W. M. Keck Observatory press release…

A team of astrophysicists using the W. M. Keck Observatory in Hawaii has successfully measured the farthest galaxy ever recorded and more interestingly, captured its hydrogen emission as seen when the Universe was less than 600 million years old. Additionally, the method in which the galaxy called EGSY8p7 was detected gives important insight into how the very first stars in the Universe lit-up after the Big Bang. The paper will be published shortly in the Astrophysical Journal Letters.

Galaxy EGSY8p7
EGSY8p7 is the most distant confirmed galaxy whose spectrum obtained with the W. M. Keck Observatory places it at a redshift of 8.68 at a time when the Universe was less than 600 million years old. Credit: Adi Zitrin, California Institute of Technology
Using Keck Observatory’s powerful infrared spectrograph called MOSFIRE, the team dated the galaxy by detecting its Lyman-alpha emission line – a signature of hot hydrogen gas heated by strong ultraviolet emission from newly born stars. Although this is a frequently detected signature in galaxies close to Earth, the detection of Lyman-alpha emission at such a great distance is unexpected as it is easily absorbed by the numerous hydrogen atoms thought to pervade the space between galaxies at the dawn of the Universe. The result gives new insight into cosmic reionization’, the process by which dark clouds of hydrogen were split into their constituent protons and electrons by the first generation of galaxies.
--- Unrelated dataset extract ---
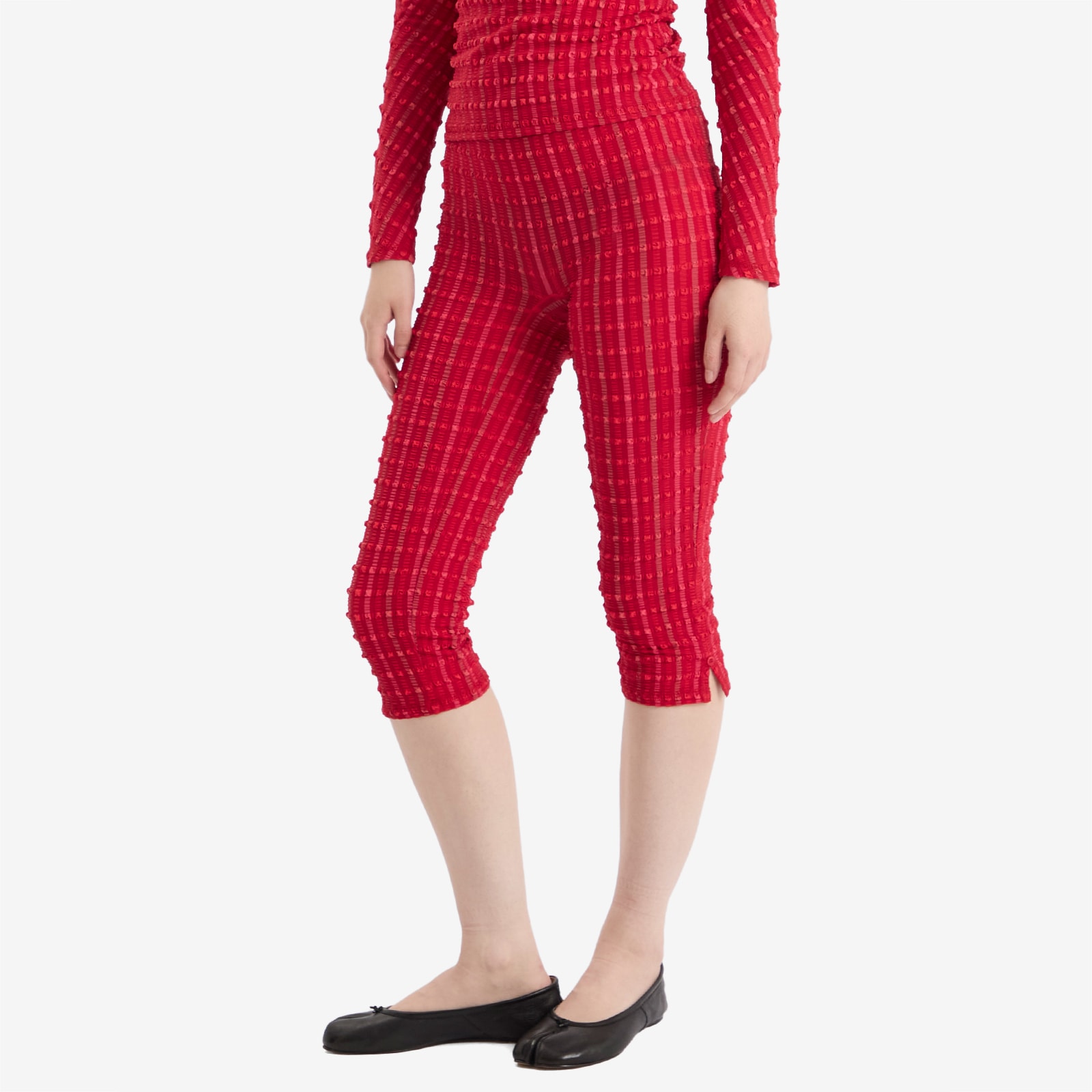 Women's Cindy Capris in Lipstick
“We frequently see the Lyman-alpha emission line of hydrogen in nearby objects as it is one of most reliable tracers of star-formation,” said California Institute of Technology (Caltech) astronomer, Adi Zitrin, lead author of the discovery paper. “However, as we penetrate deeper into the Universe, and hence back to earlier times, the space between galaxies contains an increasing number of dark clouds of hydrogen which absorb this signal.”
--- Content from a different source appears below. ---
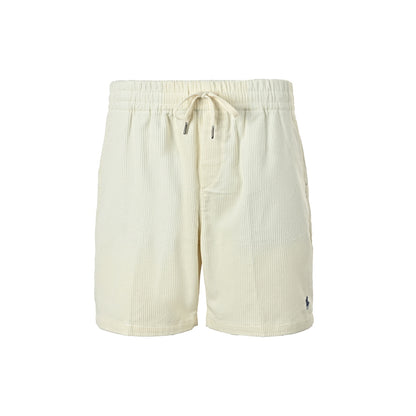 RalphLauren/Ralph Lauren pony mark thin corduroy shorts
Recent work has found the fraction of galaxies showing this prominent line declines markedly after when the Universe was about a billion years old, which is equivalent to a redshift of about 6. Redshift is a measure of how much the Universe has expanded since the light left a distant source and can only be determined for faint objects with a spectrograph on a powerful large telescope such as the Keck Observatory’s twin 10-meter telescopes, the largest on Earth.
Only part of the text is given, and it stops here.